Si de tels jeunes ayant acquis un haut niveau d’études en sont à ce niveau d’ignorance, quid alors de l’écrasante majorité de la jeunesse sénégalaise ? Une jeunesse coupée de son passé et donc, pour l’essentiel, sans ancrage historique, sans référentiel donc vouée aux jeux des vents de tous bords.
Il faut situer la faute. Elle est exclusivement du côté de l’État (à travers tous les régimes qui se sont succédés) qui n’a pas rétabli les vérités historiques, qui n’a pas fait réécrire nos livres d’histoire pour abreuver la jeunesse de ces sources fécondantes et vivifiantes qui produisent des générations qui ont foi en elles-mêmes, qui sont fières de leur être et qui défient les montagnes.
Le déclic peut cependant venir de partout.
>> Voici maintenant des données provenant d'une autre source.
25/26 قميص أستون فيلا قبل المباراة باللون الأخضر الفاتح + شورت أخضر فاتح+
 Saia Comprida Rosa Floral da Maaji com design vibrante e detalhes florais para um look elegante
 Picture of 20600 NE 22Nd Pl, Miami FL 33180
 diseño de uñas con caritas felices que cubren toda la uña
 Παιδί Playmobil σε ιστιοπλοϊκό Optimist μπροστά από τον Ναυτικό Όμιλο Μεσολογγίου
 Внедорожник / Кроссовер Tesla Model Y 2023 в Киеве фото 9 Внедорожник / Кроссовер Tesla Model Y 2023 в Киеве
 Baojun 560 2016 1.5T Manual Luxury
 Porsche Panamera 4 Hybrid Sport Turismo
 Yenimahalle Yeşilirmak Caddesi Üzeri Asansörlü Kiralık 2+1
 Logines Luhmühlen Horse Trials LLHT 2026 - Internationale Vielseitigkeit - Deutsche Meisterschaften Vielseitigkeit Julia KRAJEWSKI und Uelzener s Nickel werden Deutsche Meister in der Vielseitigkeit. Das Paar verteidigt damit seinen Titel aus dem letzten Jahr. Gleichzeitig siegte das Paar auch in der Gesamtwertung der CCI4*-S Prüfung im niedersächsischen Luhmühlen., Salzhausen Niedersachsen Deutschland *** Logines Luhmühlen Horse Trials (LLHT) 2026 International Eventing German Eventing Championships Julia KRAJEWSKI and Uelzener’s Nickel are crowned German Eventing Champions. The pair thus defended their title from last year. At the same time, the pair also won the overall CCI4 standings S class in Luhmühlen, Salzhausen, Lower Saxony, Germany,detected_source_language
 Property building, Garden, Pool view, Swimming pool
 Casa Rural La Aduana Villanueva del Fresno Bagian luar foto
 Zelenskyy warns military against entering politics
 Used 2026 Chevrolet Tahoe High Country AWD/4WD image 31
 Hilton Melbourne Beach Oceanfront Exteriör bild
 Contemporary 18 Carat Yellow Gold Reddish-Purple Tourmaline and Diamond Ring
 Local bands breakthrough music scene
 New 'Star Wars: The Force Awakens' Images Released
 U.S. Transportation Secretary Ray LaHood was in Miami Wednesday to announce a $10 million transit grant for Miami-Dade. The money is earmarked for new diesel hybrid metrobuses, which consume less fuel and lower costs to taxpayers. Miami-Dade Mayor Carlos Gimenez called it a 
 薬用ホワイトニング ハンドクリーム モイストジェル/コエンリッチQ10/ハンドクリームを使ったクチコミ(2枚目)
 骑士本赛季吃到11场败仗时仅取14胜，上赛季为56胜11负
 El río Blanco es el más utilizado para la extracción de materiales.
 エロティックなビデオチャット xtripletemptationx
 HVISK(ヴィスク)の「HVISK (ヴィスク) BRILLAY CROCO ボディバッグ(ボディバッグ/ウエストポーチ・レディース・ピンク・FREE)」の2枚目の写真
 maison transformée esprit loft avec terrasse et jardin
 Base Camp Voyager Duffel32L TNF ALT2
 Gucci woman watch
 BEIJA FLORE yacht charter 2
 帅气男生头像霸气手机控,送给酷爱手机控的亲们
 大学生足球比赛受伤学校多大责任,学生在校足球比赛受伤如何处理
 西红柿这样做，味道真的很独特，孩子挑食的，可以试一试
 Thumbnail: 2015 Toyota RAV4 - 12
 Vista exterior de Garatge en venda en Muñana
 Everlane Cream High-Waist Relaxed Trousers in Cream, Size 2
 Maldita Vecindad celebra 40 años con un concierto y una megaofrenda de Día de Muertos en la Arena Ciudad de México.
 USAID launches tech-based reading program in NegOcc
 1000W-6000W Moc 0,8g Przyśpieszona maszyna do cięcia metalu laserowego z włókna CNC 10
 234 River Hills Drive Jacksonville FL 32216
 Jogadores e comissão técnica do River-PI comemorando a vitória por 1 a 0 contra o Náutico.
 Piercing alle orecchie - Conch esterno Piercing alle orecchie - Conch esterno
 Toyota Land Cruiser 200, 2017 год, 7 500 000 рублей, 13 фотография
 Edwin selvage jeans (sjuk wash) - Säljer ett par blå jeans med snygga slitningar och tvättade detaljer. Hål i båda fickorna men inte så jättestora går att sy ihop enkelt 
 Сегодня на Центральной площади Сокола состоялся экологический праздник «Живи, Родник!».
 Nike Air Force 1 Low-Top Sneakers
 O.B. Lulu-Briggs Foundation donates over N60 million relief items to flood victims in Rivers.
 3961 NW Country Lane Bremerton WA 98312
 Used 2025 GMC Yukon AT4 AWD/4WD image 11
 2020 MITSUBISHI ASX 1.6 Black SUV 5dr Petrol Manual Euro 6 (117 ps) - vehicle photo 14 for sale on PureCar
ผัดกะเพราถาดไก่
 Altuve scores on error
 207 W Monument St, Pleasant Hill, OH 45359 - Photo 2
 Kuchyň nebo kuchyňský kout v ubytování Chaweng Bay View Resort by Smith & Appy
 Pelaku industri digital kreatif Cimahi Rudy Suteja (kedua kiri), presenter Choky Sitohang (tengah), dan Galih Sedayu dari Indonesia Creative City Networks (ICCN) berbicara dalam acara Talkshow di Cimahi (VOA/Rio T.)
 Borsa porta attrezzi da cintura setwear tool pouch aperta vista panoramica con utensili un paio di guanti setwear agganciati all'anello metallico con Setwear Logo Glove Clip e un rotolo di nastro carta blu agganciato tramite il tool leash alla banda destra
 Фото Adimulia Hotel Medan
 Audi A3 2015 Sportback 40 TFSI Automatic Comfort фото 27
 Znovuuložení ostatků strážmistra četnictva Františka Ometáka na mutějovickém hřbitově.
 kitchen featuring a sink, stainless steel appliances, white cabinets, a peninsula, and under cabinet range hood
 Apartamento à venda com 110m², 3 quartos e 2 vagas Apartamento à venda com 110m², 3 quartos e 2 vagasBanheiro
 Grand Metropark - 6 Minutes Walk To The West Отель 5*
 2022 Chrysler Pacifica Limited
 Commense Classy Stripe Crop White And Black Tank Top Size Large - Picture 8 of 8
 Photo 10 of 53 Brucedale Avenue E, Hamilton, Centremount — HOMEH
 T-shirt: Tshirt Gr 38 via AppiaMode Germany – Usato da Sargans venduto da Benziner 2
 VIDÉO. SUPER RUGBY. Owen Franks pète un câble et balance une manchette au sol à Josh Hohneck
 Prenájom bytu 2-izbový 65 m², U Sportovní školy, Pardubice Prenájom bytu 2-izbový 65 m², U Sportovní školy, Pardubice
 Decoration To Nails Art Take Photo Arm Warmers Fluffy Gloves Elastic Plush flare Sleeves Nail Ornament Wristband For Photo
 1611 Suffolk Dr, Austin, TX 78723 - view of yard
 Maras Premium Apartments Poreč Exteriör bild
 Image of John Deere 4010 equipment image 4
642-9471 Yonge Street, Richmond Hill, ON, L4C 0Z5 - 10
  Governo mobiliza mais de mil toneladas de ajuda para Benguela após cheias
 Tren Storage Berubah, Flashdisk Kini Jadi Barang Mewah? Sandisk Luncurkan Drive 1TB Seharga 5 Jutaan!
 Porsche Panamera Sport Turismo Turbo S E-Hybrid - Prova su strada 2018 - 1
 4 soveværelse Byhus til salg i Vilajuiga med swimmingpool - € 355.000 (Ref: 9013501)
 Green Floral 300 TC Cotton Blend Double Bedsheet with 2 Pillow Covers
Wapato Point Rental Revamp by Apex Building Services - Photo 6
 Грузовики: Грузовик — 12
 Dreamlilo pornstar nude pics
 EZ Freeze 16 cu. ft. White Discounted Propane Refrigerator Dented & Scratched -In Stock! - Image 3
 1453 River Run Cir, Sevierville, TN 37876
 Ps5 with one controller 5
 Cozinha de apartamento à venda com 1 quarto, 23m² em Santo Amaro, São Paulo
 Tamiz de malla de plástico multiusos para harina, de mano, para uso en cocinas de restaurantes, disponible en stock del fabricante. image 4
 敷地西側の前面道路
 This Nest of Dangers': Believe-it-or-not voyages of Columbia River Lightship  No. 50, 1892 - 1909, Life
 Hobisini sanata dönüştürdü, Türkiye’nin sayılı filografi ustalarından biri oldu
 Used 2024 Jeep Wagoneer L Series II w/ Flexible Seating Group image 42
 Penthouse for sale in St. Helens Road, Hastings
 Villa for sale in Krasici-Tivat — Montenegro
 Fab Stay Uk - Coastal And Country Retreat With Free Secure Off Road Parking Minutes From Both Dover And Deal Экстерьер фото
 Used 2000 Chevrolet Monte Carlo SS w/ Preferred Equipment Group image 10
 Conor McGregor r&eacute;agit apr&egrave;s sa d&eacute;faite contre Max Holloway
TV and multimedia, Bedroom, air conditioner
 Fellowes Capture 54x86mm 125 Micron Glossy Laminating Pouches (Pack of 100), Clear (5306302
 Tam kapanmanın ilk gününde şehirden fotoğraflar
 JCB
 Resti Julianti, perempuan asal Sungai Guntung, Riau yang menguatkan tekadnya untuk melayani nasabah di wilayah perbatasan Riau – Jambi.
La coupe d’Afrique des nations de football remportée pour la première fois de notre histoire et la dernière qualification à la phase finale de la coupe du monde au Qatar où nous irons avec des ambitions fortes et justifiées sont perçues comme la preuve que personne d’autre ne détient notre avenir ni notre devenir si nous décidons de nous prendre nous-mêmes en charge.
Serons-nous capables d’accompagner ce courant pour bâtir de nouvelles formes de conscience capables de porter les ruptures nécessaires ? Tout cela devrait commencer à mon sens par un aggiornamento communicationnel.
Les fils de ce pays qui peuvent nous aider dans ce domaine par leur expertise et leur expérience devraient s’y mettre sans délai car il se fait tard. Qu’ils nous proposent les termes de référence de cette catarthis qui brisera les chaînes de l´ignorance. Cette catharsis à laquelle appelait Al maktoum : « na ñu sàng réew mi » avant qu’il ne soit trop tard.